The Visitors' Center has, first of all, a spacious lobby in the center of the building, running the full width, where visitors gather to take the trail to the Mounds, and there is a counter where they register.
The offices for the operation of the park area, and basement area that includes workshop facilities for the archaeologist, covers the administrative part of the building.

Museum

For the public, there is the exhibit wing or museum, where soft blues and delicate earth-tones are used in decoration.
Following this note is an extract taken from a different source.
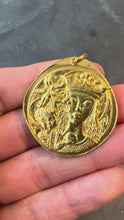 Load and play video in Gallery viewer, Large French Monnaie De Paris Virgin Mary of the Lilies Madonna 18K Yellow Gold Pendant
Inside the museum are about 15 archaeological exhibits, displayed in glass cases, describing the Indian mounds which can be seen from the trail.
The exhibits are designed to tell a story about who the Effigy mound-builders were--the American Indian--and to bring that story up to the arrival of the white man, Marquette and Joliet.
The exhibits themselves incorporate artifacts that were found by archeologists during excavations here and artifacts found in nearby areas that better illustrate the mounds and mound-builders. The museum will be open all winter, Mound-builders, here, have been traced back 1,750 years.
There is an auditorium to the left, as you enter the center of the visitors' center, designed to seat 60 people. It is equipped with modern slide projection and tape recording instruments, which present a slide projection and tape recording instruments, which present a complete automatic show to the public, describing the area and the Indians who once roamed the area. The slide projector and tape recording instruments can be operated from the controls at the counter desk in the lobby.
The seats are modern blue, grey and white plastic, chrome chairs of modern design. The one wall has a projection screen wall, an area 10x12 feet, with theater screen paint on it. The entire building is air-conditioned, both for hot and cold weather. It is heated with oil.

Promenade

One feature of the center is the promenade across the back of the building that gives the visitors' a fine view of the Mississippi river and surrounding bluffs.
A nice view can also be seen from the center lobby of the river and bluffs. The promenade leads to a bridge over the brook-filled ravine which leads to the Mounds trail--this climbing walk provides many beautiful river and foliage vistas. The naturalists can see trees, plants, stones and wildlife on this trail.
The buildings at Effigy Mounds are constructed of tan, modern-style brick, using cement floors covered with vinyl tile. Wide overhangs provide roof shelter over the walks at the visitor's center as well as the 2 new residences that house park personnel. There is also a tan brick walled parking area for park machinery near the residences and a workshop.

Eleventh Anniversary

The eleventh anniversary of Effigy Mounds will be Tuesday.
This monument was established in 1949, when President Harry Truman signed a proclamation establishing 1,000 acres of Indian Mound area, 5 miles north of McGregor, as Effigy Mounds national monument. Congress appropriated $11119 for its maintenance and improvement and William J. Kennedy was the first superintendent. Walter Berrett succeeded him as superintendent, followed by Daniel Tobin.
Attendance the first year, 1950, was 1,742 visitors. The largest attendance was for 1958 with 66,897. Attendance for the tenth year, 1951, was 65,398 visitors.
Attendance for this year, through Oct. 17, was 55,007. The drop in attendance the last 2 years has been due to the park being under construction. Tobin said he anticipates 86,000 visitors in 1961.